By Lane V. Erickson, Idaho Estate Planning Attorney

After nearly 20 years of experience in working as an Idaho estate planning attorney I have helped numerous clients complete their own Idaho estate plans. Additionally, I’ve guided many families, and close relatives through the probate process in Idaho after a loved one has passed away. Based on these experiences I’ve had an opportunity to learn and work with Idaho law closely. Here are three specific Idaho estate planning secrets that I have learned.

1. Probate in Idaho May Not Be Necessary

The first secret that I have learned is that in Idaho a probate may not always be necessary. Whether a probate is required or not is controlled by specific Idaho laws. These laws state that there are really two circumstances when a probate is required in Idaho.

The first circumstance is that an individual dies at a time when they own an interest in some type of real estate.
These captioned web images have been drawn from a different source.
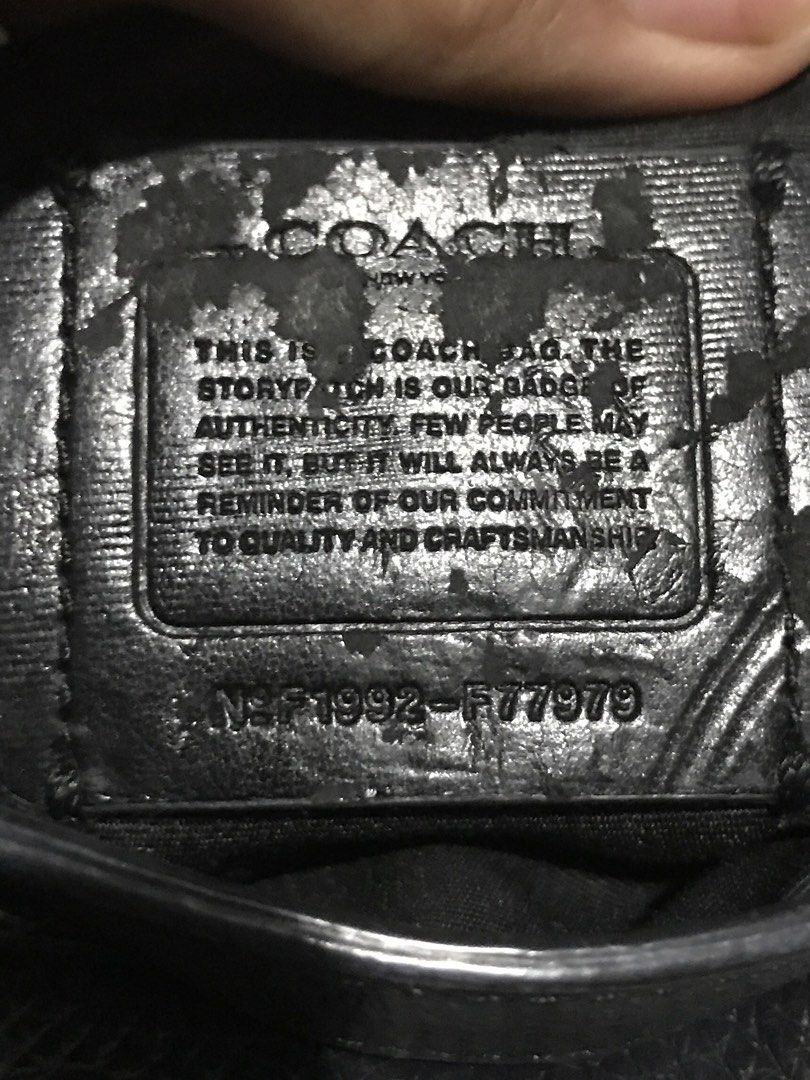 Coach Jes Messenger Bag (Category: Sling Bags) located in Quezon City. Submitted by thriftwithlaw (Listing ID 1466028575, Image 2). Description: slightly nego.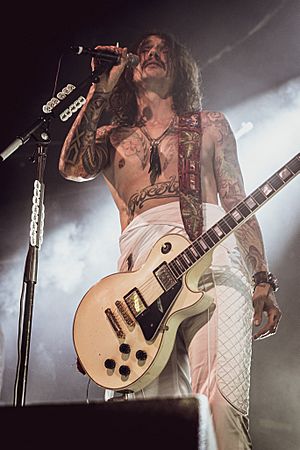 Justin Hawkins Dublin Academy 27 11 19.jpg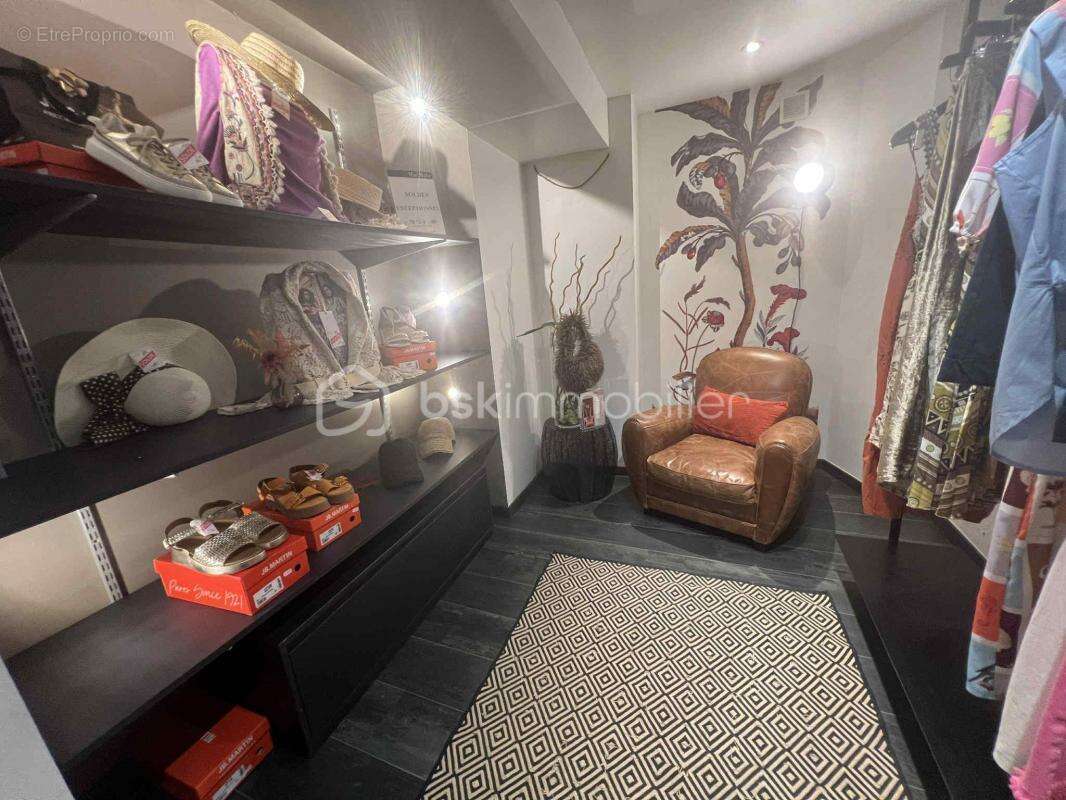 Commerce à SAINT-JEAN-DE-MAURIENNE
This could be a home that they lived in, or bare ground, or it could be farm ground. Really any type of land or real estate counts. The reason for this is that real estate is owned in Idaho by a title document known as a deed. The deed is the document that a person receives that describes the real estate and has their name listed as an owner. The deed is recorded with the county recorder’s office where the land is located.

While the person is alive, they have the ability to sell the land, or give the land away as a gift, and sign a deed to do this. However, when a person passes away, there now is no person who has legal authority to sign a deed that would transfer the ownership away to someone else. After a person dies, the only way that authority can be given to another individual to transfer land away from a person who has died is when a court enters an order appointing a person as the legal personal representative. The probate process is where this order is entered.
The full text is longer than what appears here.